Our recent move presented the opportunity to set up a new music system. The difficulty here is that my wife is not keen on large speakers, especially cabinets. " why can't we have something thin" was her refrain. I can't entirely blame her, some of the "best" designs are spectacularly ugly :hot: . It was then I remembered Magnepan's designs, and found some pictures on t'internet for her to look at. Mmmm, not bad came the reply and then all went quiet.

A few weeks later (last weekend) came my birthday. To my overwhelming delight, I was ushered in to see my surprise present - a pair of used but tidy Magnepan SMGa. We plugged in (a very nasty cd-radio "system" bought for $40..). The sound was dull, lifeless and when I turned it up, things rattled. Oh dear 🙁 .

The offending speaker was pulled apart, to reveal that the wires of the mid-bass panel had begun to separate from the membrane.
Over the last few evenings, I have cleaned and reglued as necessary. I also found that the "tweeter" protection fuses were blown in both speakers.

Finally, last night I plugged in again.

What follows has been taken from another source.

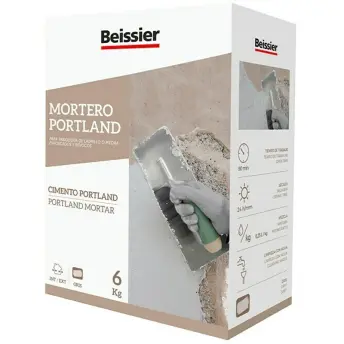 MORTERO PORLAND GRIS 2kg 70303-001 BEISSIER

Same lo-fi radioCD source - I wasn't expecting much, it was never intended to drive a 4 ohm load :xeye:

Wow 😱 😎 Everything I thought I new about "hi fi" was wrong. These speakers, now 20 years old, are the best audio device I have ever heard. They just disappear, producing music effortlessly. What is more, my dear wife love's their "Danish Modern" appearence!

I have real amplification lined up in the form of an Adcom GFA585 power amp that I have just repaired, and can't wait to get things together. The Adcom came to me for free (broken) from a good friend, and seems on paper to be a good partner to the SMGs. We have a good system for little money and some DIY effort, always more satisfying than forking out hundreds (thousands?) at Hi fi dealers 😉

So I am fortunate to now be a member of the planar club - I am entirely converted, surprised and delighted. DIY thoughts abound...

Cheers,

Ed
 
I once had the honour of having the designer of the Dutch speaker brand 'Translator' dropping by at work... He mentioned he was designing a dipole speaker. He added that the distortion of a speaker without box was some 30% lower. After a short time I came across some old ESL-57's from Quad, it was love at first sight...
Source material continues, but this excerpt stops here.